Don't shorten some elses rope to make yours appear longer.


----------



## ZKenpo (Jan 26, 2005)

Here is a few I like....

To hear is to doubt, to see is to be decieved, but to feel is to believe.

The best action, meet it. or Meet it to beat it before you eat it! 

The law of the street, it's not who's right it's who's left.


----------



## Doc (Jan 26, 2005)

RavenDarkfellow said:
			
		

> Greetings,
> 
> I'm opening this in the hopes of gleaning more wisdom straight from Kenpo (preferably), but all martial-arts sayings and rules are welcome!
> 
> ...


Always double tap.


----------



## The Kai (Jan 26, 2005)

"Compassion from a position of strenght"


Todd


----------



## Rob Broad (Jan 26, 2005)

One of the most important ones.

"He who hestitates, meditates in a horizontal position."


----------



## Seabrook (Jan 26, 2005)

Opposite/Reverse Motion: Any motion that can be done has an opposite and a reverse that can be done. 

Jamie Seabrook
http://www.seabrook.gotkenpo.com/


----------



## Seabrook (Jan 26, 2005)

"Circles: there are three things you can do to a circle: reverse the circle, stay on the circle, or cut the circle in half."


----------



## kempo108 (Jan 26, 2005)

heres on for balance - "if you try to keep your balance, you will lose your balance"


----------



## Simon Curran (Jan 26, 2005)

Rob Broad said:
			
		

> One of the most important ones.
> 
> "He who hestitates, meditates in a horizontal position."


Beat me to it...


----------



## Dr. Kenpo (Jan 26, 2005)

"All is possible!"


----------



## distalero (Jan 26, 2005)

A stitch in time...........................will close that artery.


----------



## Gin-Gin (Jan 26, 2005)

"To desire something does not mean to accomplish it.  To perspire for it makes accomplishment a reality." 

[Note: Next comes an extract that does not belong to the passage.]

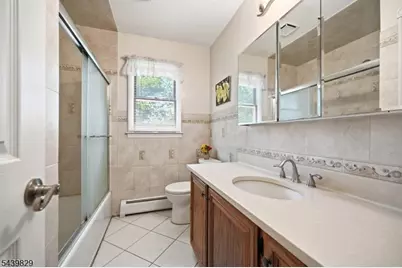 16 Arnold Dr, Parsippany, NJ 07054 - Photo 24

(written by the same guy whose quote appears in my signature  )  If you want more Kenpo quotes, I would recommend buying Mr. Parker's book *The Zen of Kenpo*; good stuff.


----------



## ZKenpo (Jan 29, 2005)

Gin-Gin said:
			
		

> "To desire something does not mean to accomplish it. To perspire for it makes accomplishment a reality."
> 
> (written by the same guy whose quote appears in my signature  ) If you want more Kenpo quotes, I would recommend buying Mr. Parker's book *The Zen of Kenpo*; good stuff.


Thats right, The only place *Succes* comes before *Work* is in the dictionary!


----------



## Bill Smith (Jan 29, 2005)

Be humble, never forget your roots and wear you came from. 

Bill Smith


----------



## Randy Strausbaugh (Jan 29, 2005)

Don't allow dreams to blind your good sense, but never allow good sense to stifle your dreams.


----------



## RavenDarkfellow (Jan 29, 2005)

These are great!  Keep 'em comin'!  I remembered some more:


Contour - Each attack of your enemy is really just an opportunity to follow their weapon back to your target.

Treat your arms like swords, your hands like knives.

Power comes from the ground up.

Reduce your enemies' numbers. (The Art of War - Sun Tzu)


----------



## rmcrobertson (Jan 29, 2005)

Actual practice is superior to abstract wisdom.


----------



## ZKenpo (Jan 30, 2005)

Oh just remembered, " I'm goint to be like lightning, I'll manifest then disappear!"

Quote from Josh "The General" Lannon


----------



## RavenDarkfellow (Jan 30, 2005)

RMCRobertson>> Nice. . .  Very nice.  I caught the hint, but that doesn't mean wisdom is useless, you know.  One can practice and collect wisdom simultaneously.


----------



## Bill Lear (Jan 31, 2005)

RavenDarkfellow said:
			
		

> RMCRobertson>> Nice. . .  Very nice.  I caught the hint, but that doesn't mean wisdom is useless, you know.  One can practice and collect wisdom simultaneously.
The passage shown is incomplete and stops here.